The stories Hamper tells about the lives of the ‘shop rats’ is, of course, an indictment of the factory system and what it does to those trapped in it. But this is also a book full of self-loathing – much more than I’d recognised the first time around:

“The truth was loose: I was the son of a son of a bitch, an ancestral prodigy born to clobber my way through loathsome dungheaps of idiot labor. My genes were cocked and loaded. I was a meteor, a gunslinger, a switchblade boomerang hurled from the pecker dribblets of my forefathers' untainted jalopy seed. I was Al Kaline peggin’ home a beebee from the right field corner. I was Picasso applyin’ the final masterstroke to his frenzied Guernica. I was Wilson Pickett stompin’ up the stairway of the Midnight Hour. I was one blazin’ tomahawk of m-fuggin’ eel snot. Graceful and indomitable. Methodical and brain-dead. The quintessential shoprat. The Rivethead.”

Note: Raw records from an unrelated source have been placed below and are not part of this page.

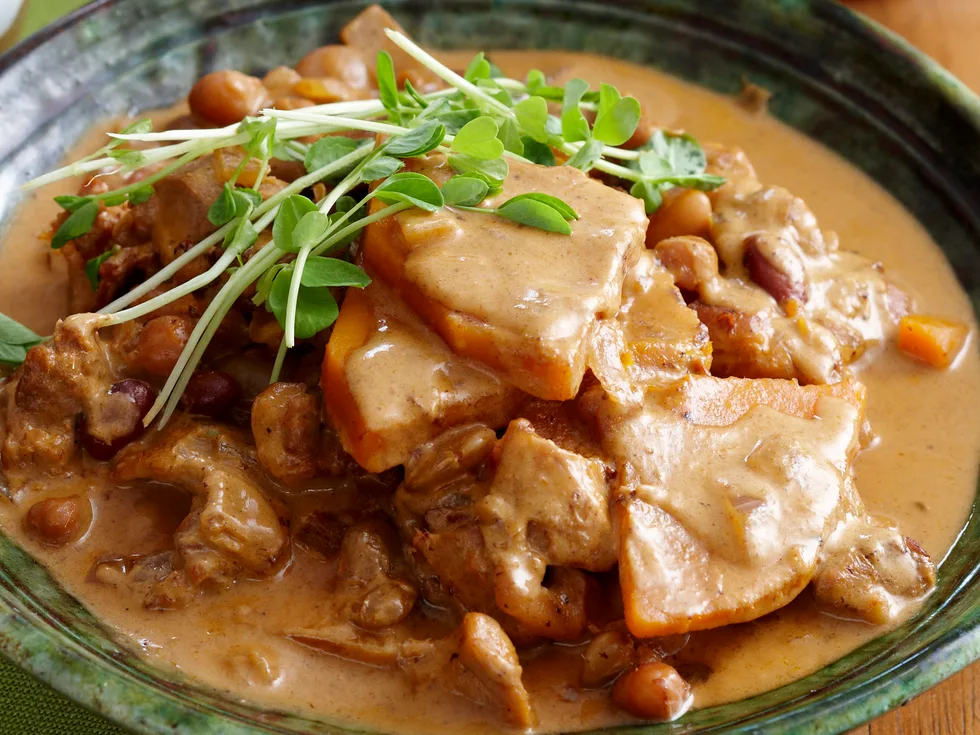 Chicken, bean and pumpkin curry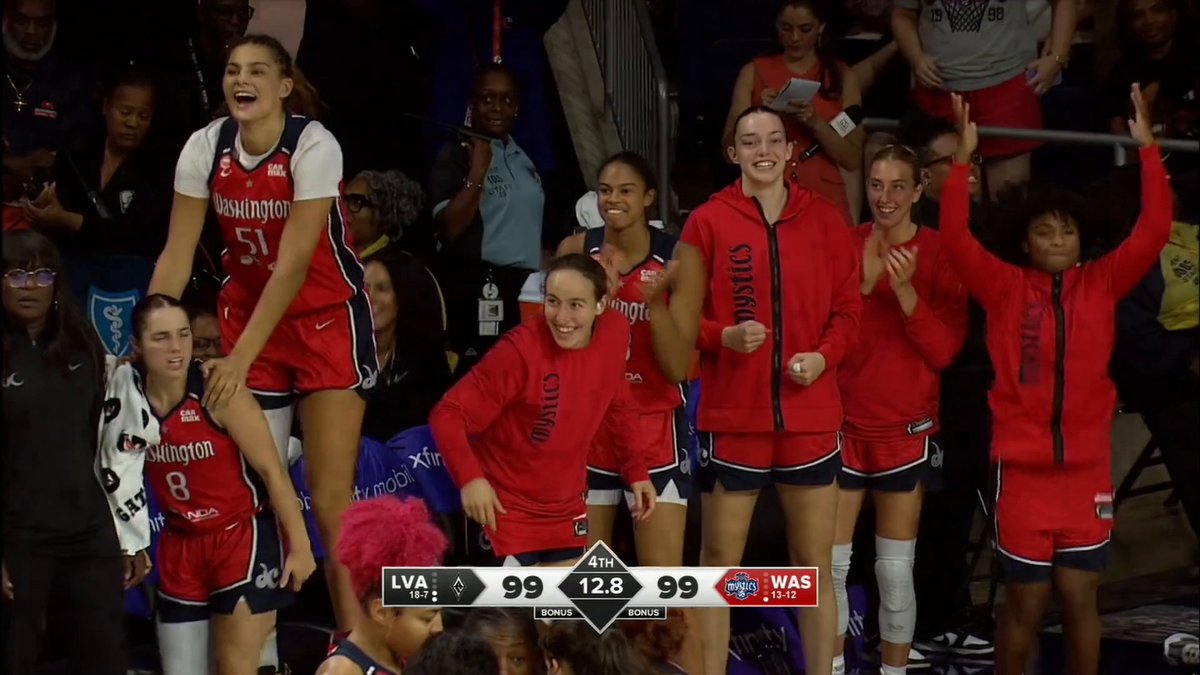SHAKIRA AUSTIN WITH THE CLUTCH AND-1 FOR THE WIN 😤 The bench was LOVIN' it 🔥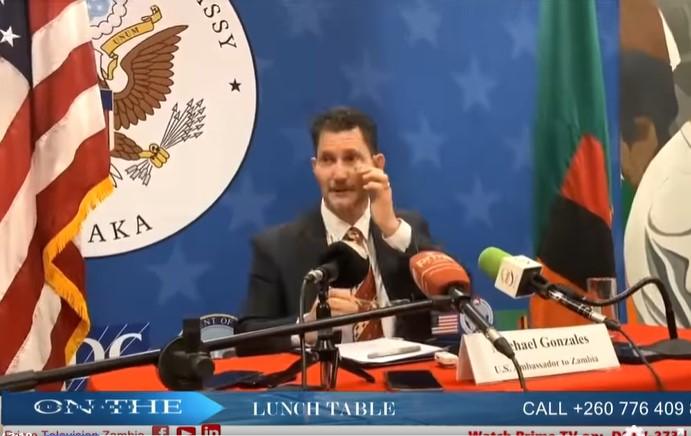 Ο Αμερικανός πρέσβης που έβαλε τα κλάματα σε συνέντευξη Τύπου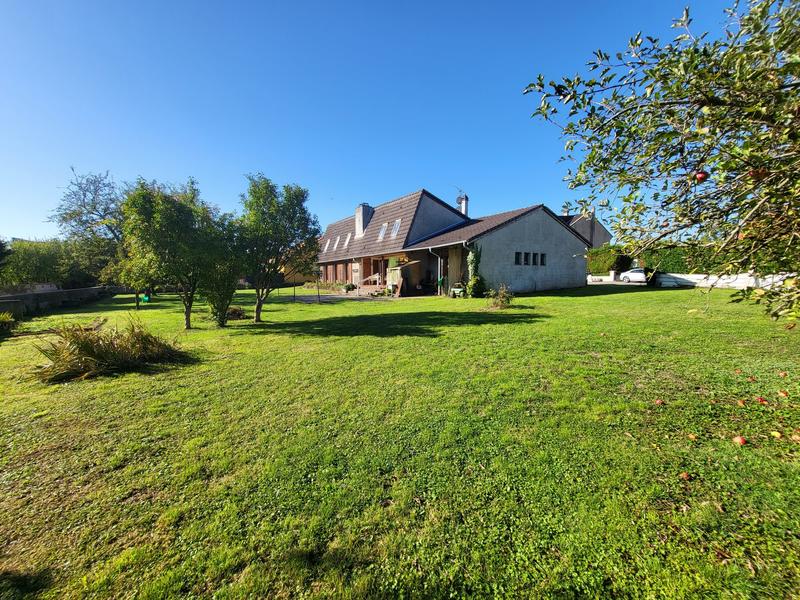 Maison - 210 m² - 7 pièces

It’s not hard to see the influence of a writer like Hunter Thompson on Hamper and theatrical exaggeration is part of achieving the overall effect he wants but, even so, there is too much of this stuff in similar vein to ignore.

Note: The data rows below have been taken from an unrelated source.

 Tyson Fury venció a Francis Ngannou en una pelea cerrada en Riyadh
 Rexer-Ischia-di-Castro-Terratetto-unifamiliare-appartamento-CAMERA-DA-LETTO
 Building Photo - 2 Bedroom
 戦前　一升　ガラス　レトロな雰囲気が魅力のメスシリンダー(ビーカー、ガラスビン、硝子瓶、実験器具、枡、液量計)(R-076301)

That Hamper doesn’t like himself or his employers is one thing but as I read on I started to get an uneasy sense of a wider, more pervasive misanthropy – a sneering dislike of his fellow workers too and I was increasingly uncomfortable with the language he was using about them:

“Occasionally, I would get drunk and park next to one of the factories just in time to watch the fools pile out at quitting time. I hated the looks on their faces. Miserable cretins, one and all.”

Whilst I prepared to accept that the average worker on Flint GM assembly line at this time was unlikely to have progressive attitudes towards women, there is a really uncomfortable strain of misogyny that runs through the book. Hamper is on record as saying that he was experimenting with writing only “as a way of attracting large-breasted teen-age women” and his frequent references to women’s breasts and their desirability as sexual objects feels on the edge of prurience.

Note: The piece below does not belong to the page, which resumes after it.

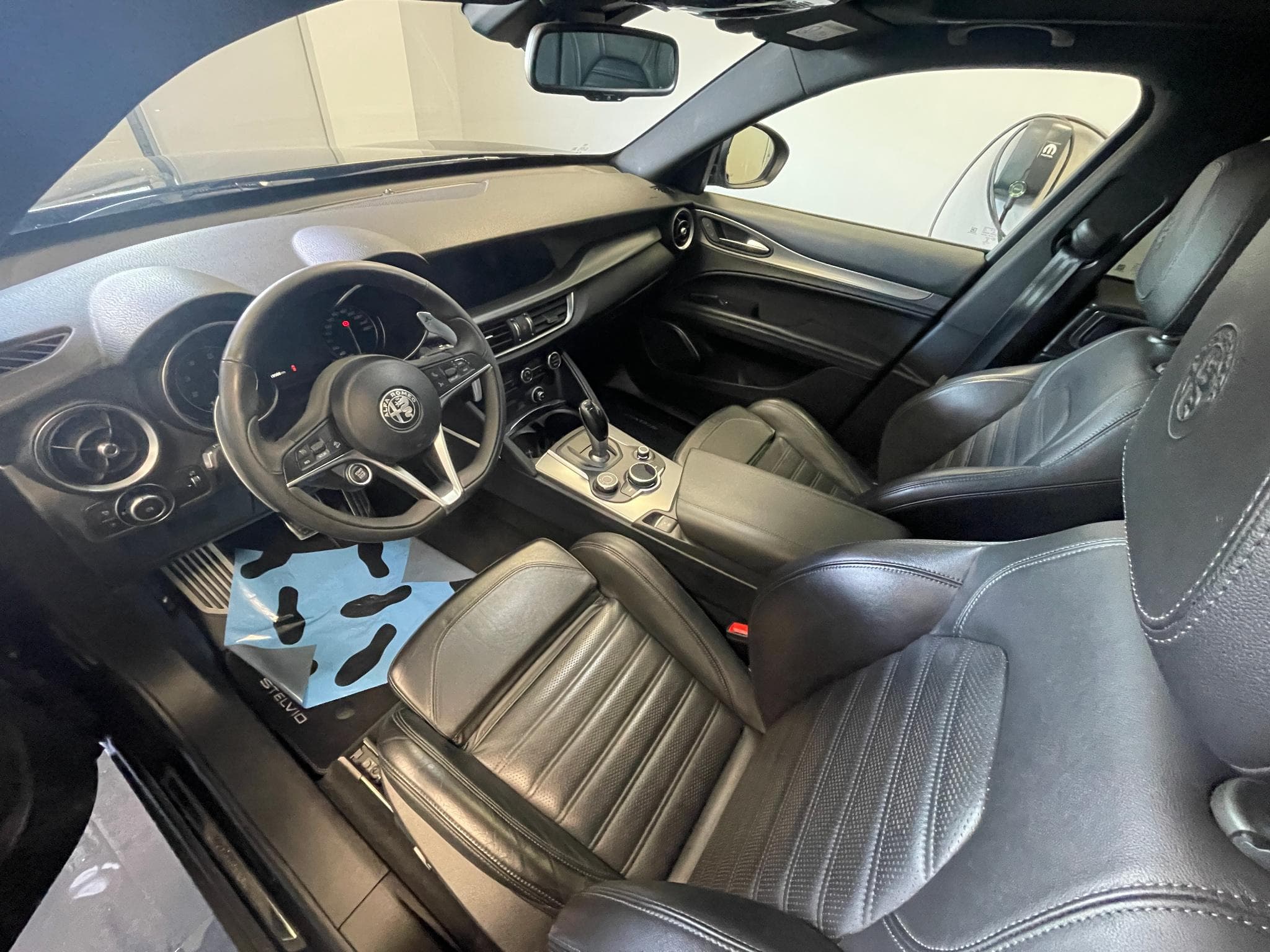 Alfa-Romeo Stelvio Super 2.0 Q4 (2018) - Photo 3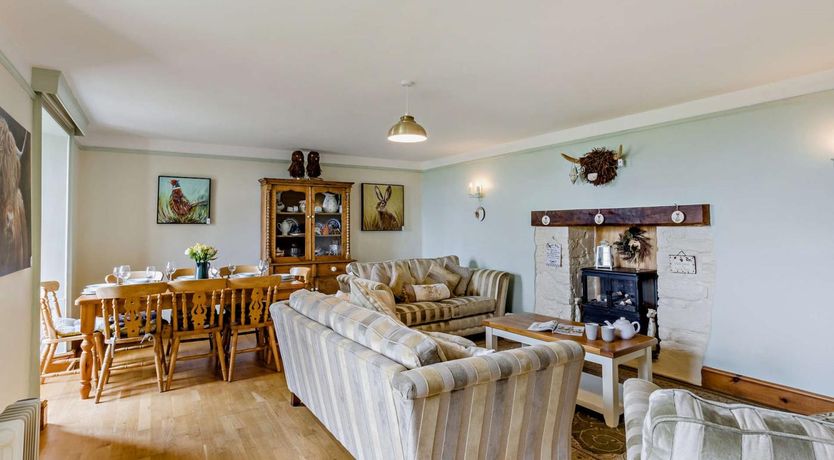 Photo of 4 Bed in Bideford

Interestingly enough, the folks at Kirkus have also picked up on some of these issues and also highlight them as failings that detract from the overall impact of the book:

'Although perceptively critical of American business management, practice, and values, Hamper nearsightedly finds little of worth or integrity in his fellow workers, and is downright offensive toward women, who, in his world, “lust for summer sausage.'' '

In many ways you can see that the world Hamper is describing is a pre-figuring of the emergence of a politician like Donald Trump and  that makes the book look more significant than perhaps it did at the time it was published. The blue-collar workers that Hamper presents us with have none of the faded glamour or aspiration of those who people the world of Bruce Springsteen - they are meaner, more jaundiced, more apathetic. Essentially they are broken characters who are trapped in the American Nightmare and too self-absorbed to care beyond their immediate gratification and survival. Hamper's is a bleak vision but you could argue that in the light of the emergence of Trump, their moment was just around the corner.

It's always a disappointment to discover a book you read isn't quite as enjoyable the second time around but I guess that’s what the passage of time can do to both book and reader. I still think this is an important historical document in that it captures the authentic voice of the American working class man at a certain time and place and does so in a way that all the academic studies of the same subject will never quite get right.